4. EMT markers ZEB1 and En-1 are expressed in glioblastoma samples, as well as N-cadherin and MGMT. Additional immunoblots for EMT-associated proteins are shown in Supporting Information Fig S6.

5. Expression of MGMT and ZEB1 are correlated (n = 47, Spearman Correlation). Within ZEB1-expressing tumours, MGMT is frequently co-expressed in ZEB1+ cells (arrowheads; 51 ± 9% co-localisation; n = 14; see also Supporting Information Fig S6). Nuclei are counterstained with Hoechst. Scale bar 10 µm.

6. Immunoblotting analyses in 50 patient tumour specimens revealed that approx. 40–45% of glioblastomas express ZEB1. This is correlated with clinical outcome (median survival ZEB1+ 10.2 months, ZEB1− 15.7 months, log-rank test). While comparable specimen numbers expressed MGMT, no significant correlation with outcome was found. Response to TMZ treatment (average TMZ treatment duration ZEB1+ 2.0 months, ZEB1− 7.7 months, Mann–Whitney test) was also significantly extended for ZEB1+, but not for MGMT+ specimens.
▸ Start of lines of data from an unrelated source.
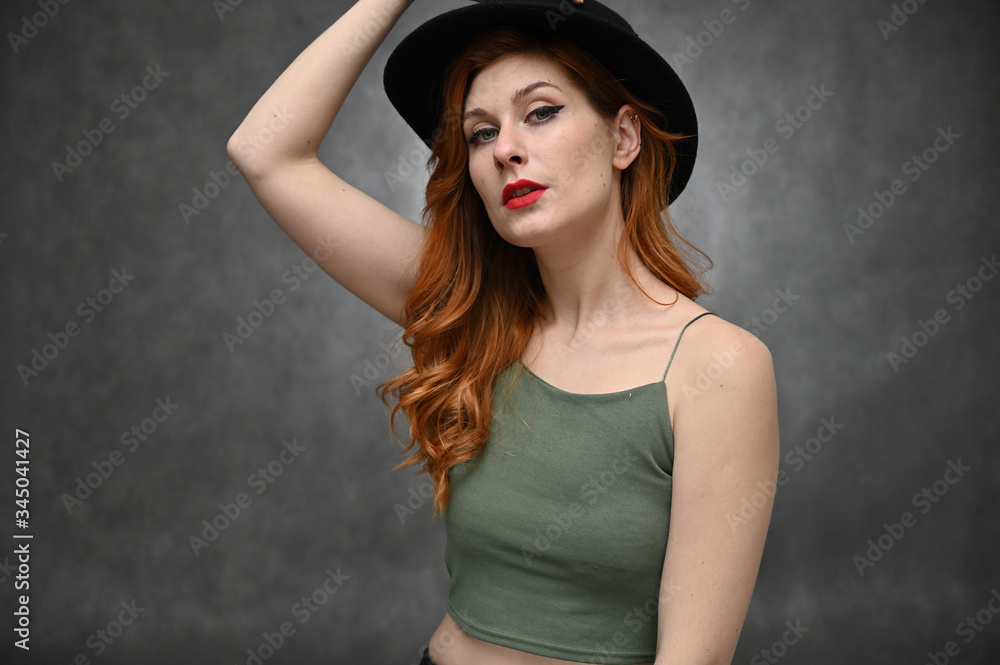 Woman shows emotions changing poses. Portrait of a young pretty girl with beautiful hair and great makeup in a green T-shirt and black hat on a gray background. Woman shows emotions changing poses. Portrait of a young pretty girl with beautiful hair and great makeup in a green T-shirt and black hat on a gray background.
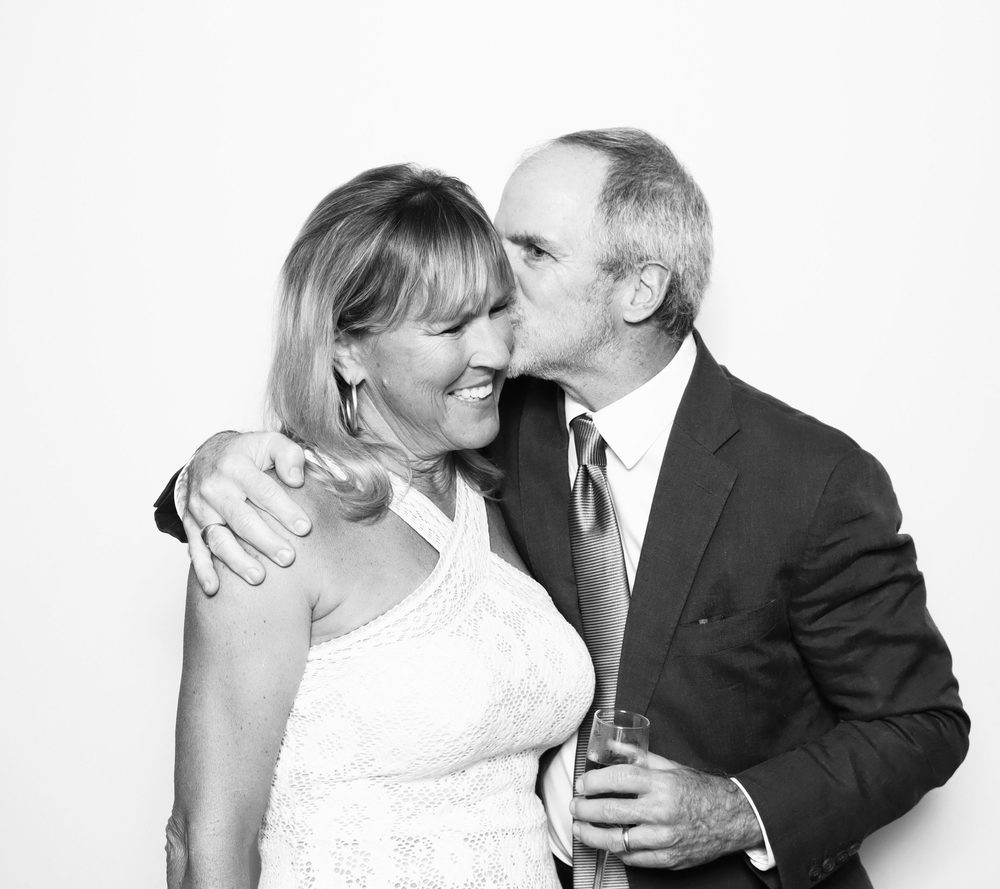 An older couple sharing a cheek kiss at a Virginia Beach wedding reception photo booth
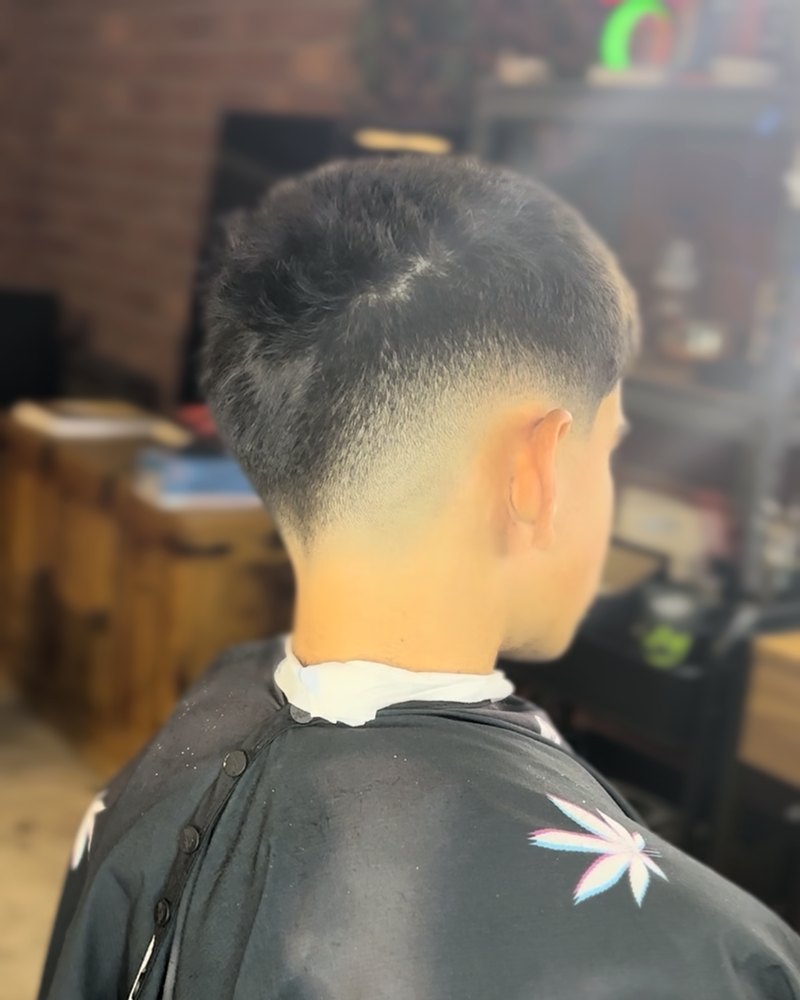 Low taper fade with a textured top, back view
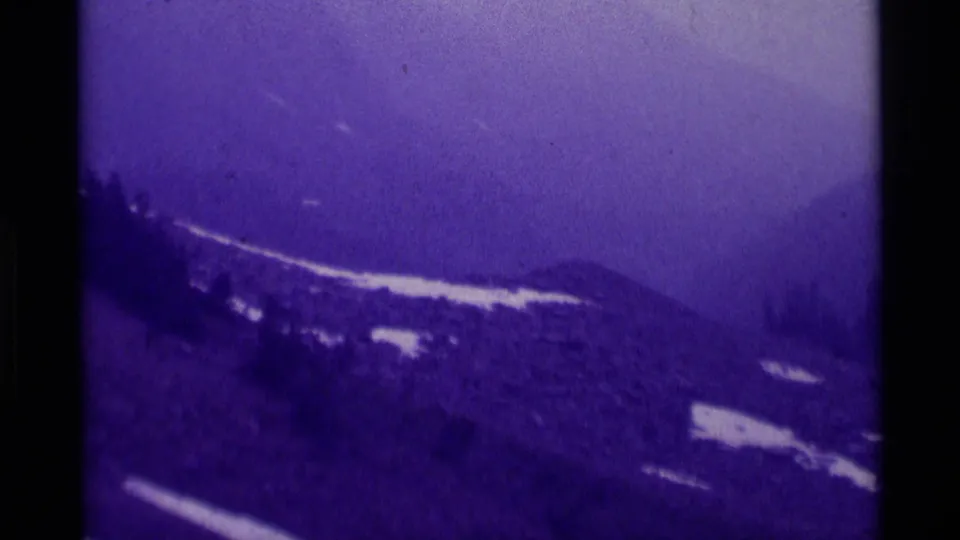 1975 Agate Springs, Montana frame showing a hazy mountain slope with scattered snow patches, dark forest, and visible 8mm frame borders.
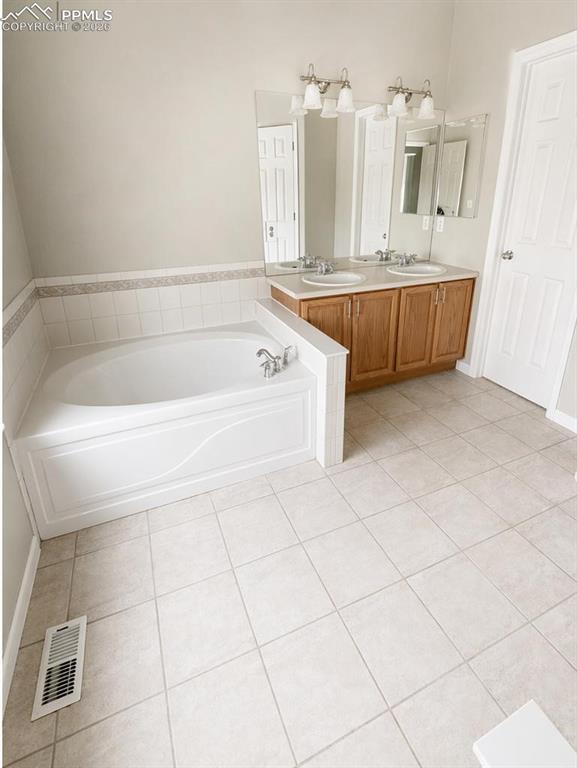 9212 Oakmont Road Peyton, CO 80831 - Photo 14 of 23 a spacious bathroom with a bathtub and shower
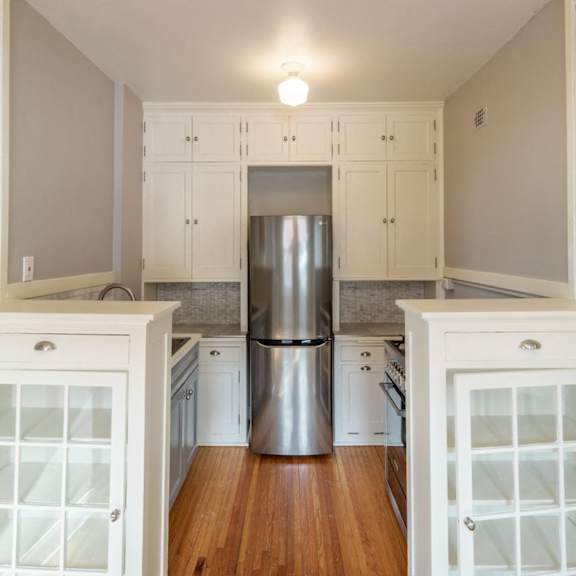 a kitchen with white cabinets and a stainless steel refrigerator.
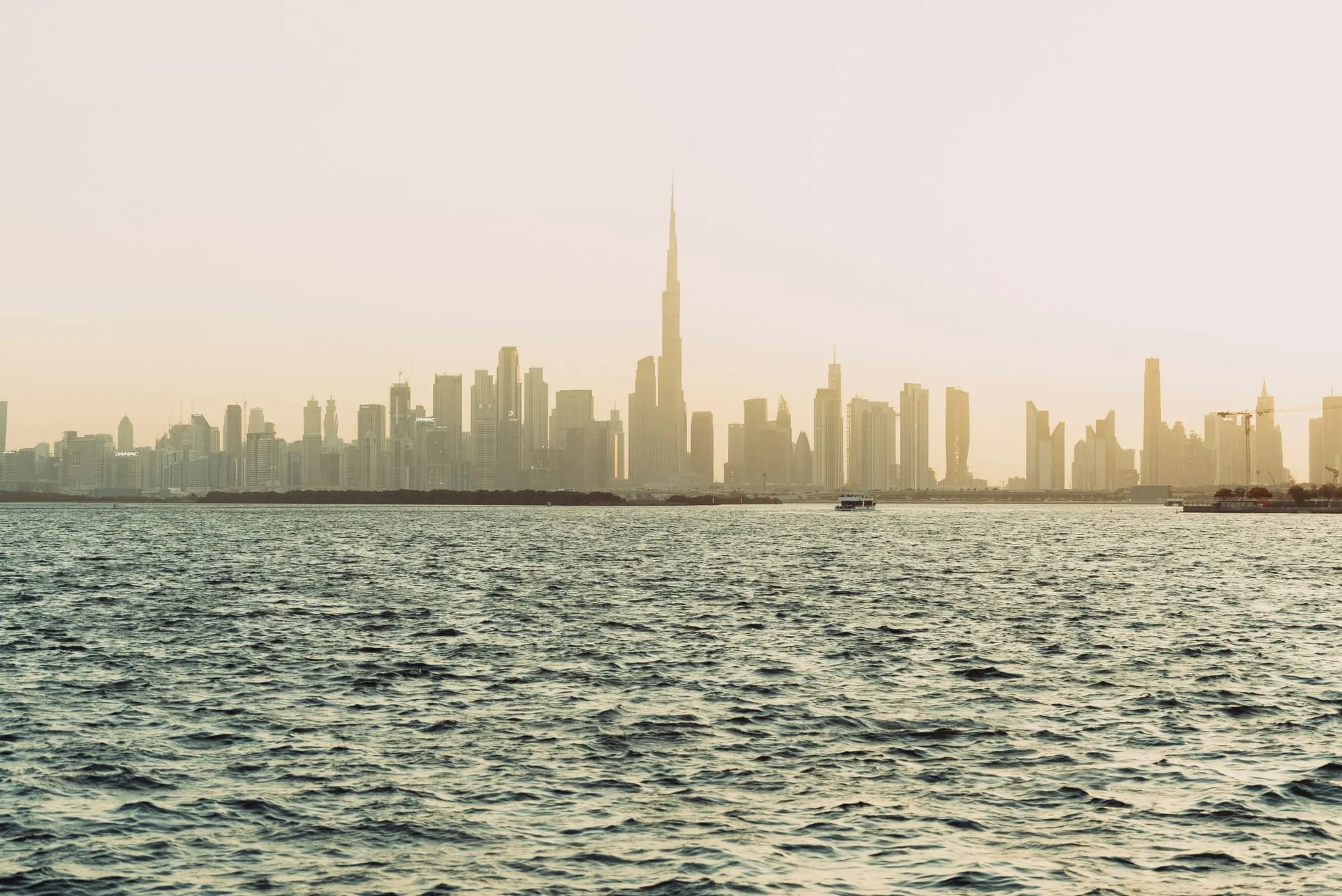 Dubai skyline seen across the sea in soft haze
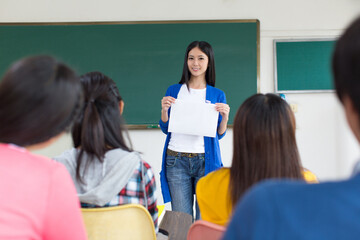 College teacher and students in the classroom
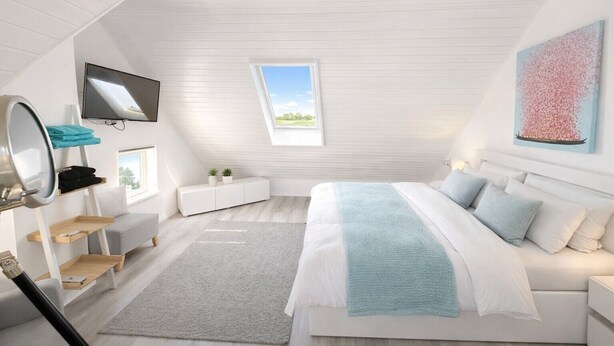 A modern bedroom with a bed, a TV, a window, and a painting.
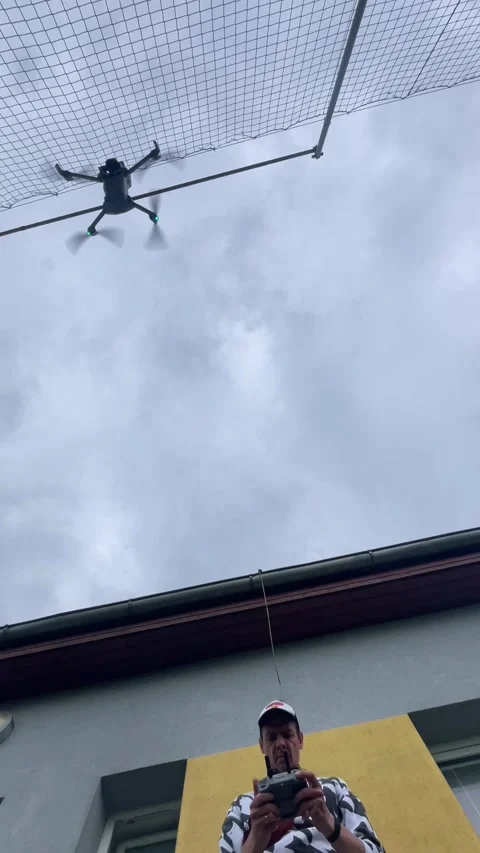 Low-angle drone hovering above pilot beside building under overcast sky view 動画素材 344584739
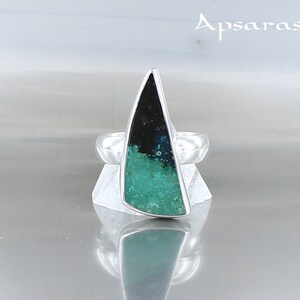Pode incluir: Um anel de prata com uma gema triangular verde e preta engastada no centro. O anel está em um expositor branco. O texto "Apsaras V" é visível no fundo.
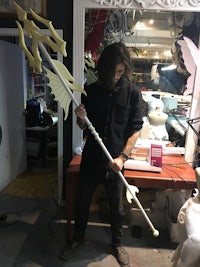 a man standing in front of a mirror with a sword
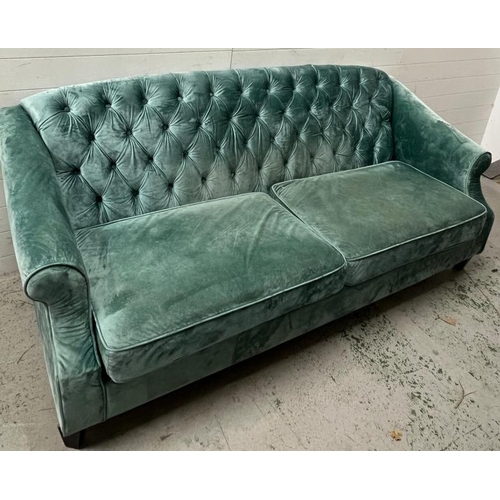 136 - Four seater sofa in plush teal velvet with button back (H95cm W207cm D80cm)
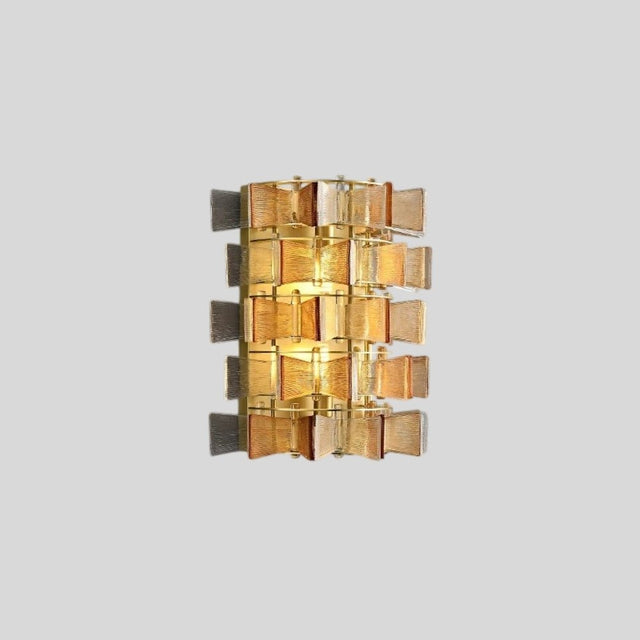 "Isolated iron Salane wall lamp with layered amber glass panels and visible light glow, on a light grey background."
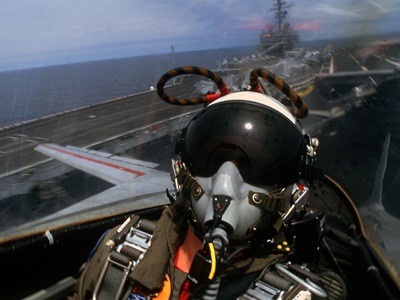 fighter pilot flying a jet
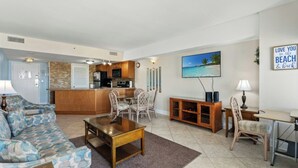 A living room with a sofa, coffee table, and dining area with chairs. There is a kitchen area with a refrigerator and microwave. A painting of a beach is on the wall. - Ocean View Palace Resort 1813- 2BR- Pool, Hot Tub (Myrtle Beach)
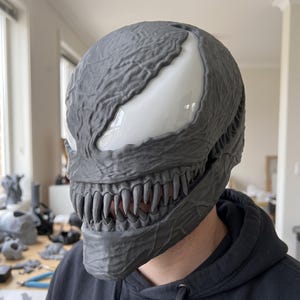 May include: A gray, textured full-head mask featuring large, smooth, white, almond-shaped eyes and a wide, menacing mouth filled with sharp, pointed teeth. The surface of the mask has a detailed, vein-like, organic pattern across the entire exterior.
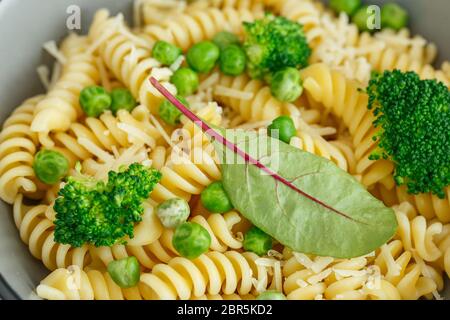 Pâtes aux légumes verts et au parmesan. Salade de pâtes de fusilli végétaliens au brocoli et aux pois verts Banque D'Images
7. Stratification of glioblastoma specimens into molecular subclasses revealed a significantly higher portion of ZEB1+ specimens in the proliferative subclass, while more ZEB1− specimens were grouped into the mesenchymal and proneural subclasses. Analysis of individual markers across specimens is presented in Supporting Information Fig S6.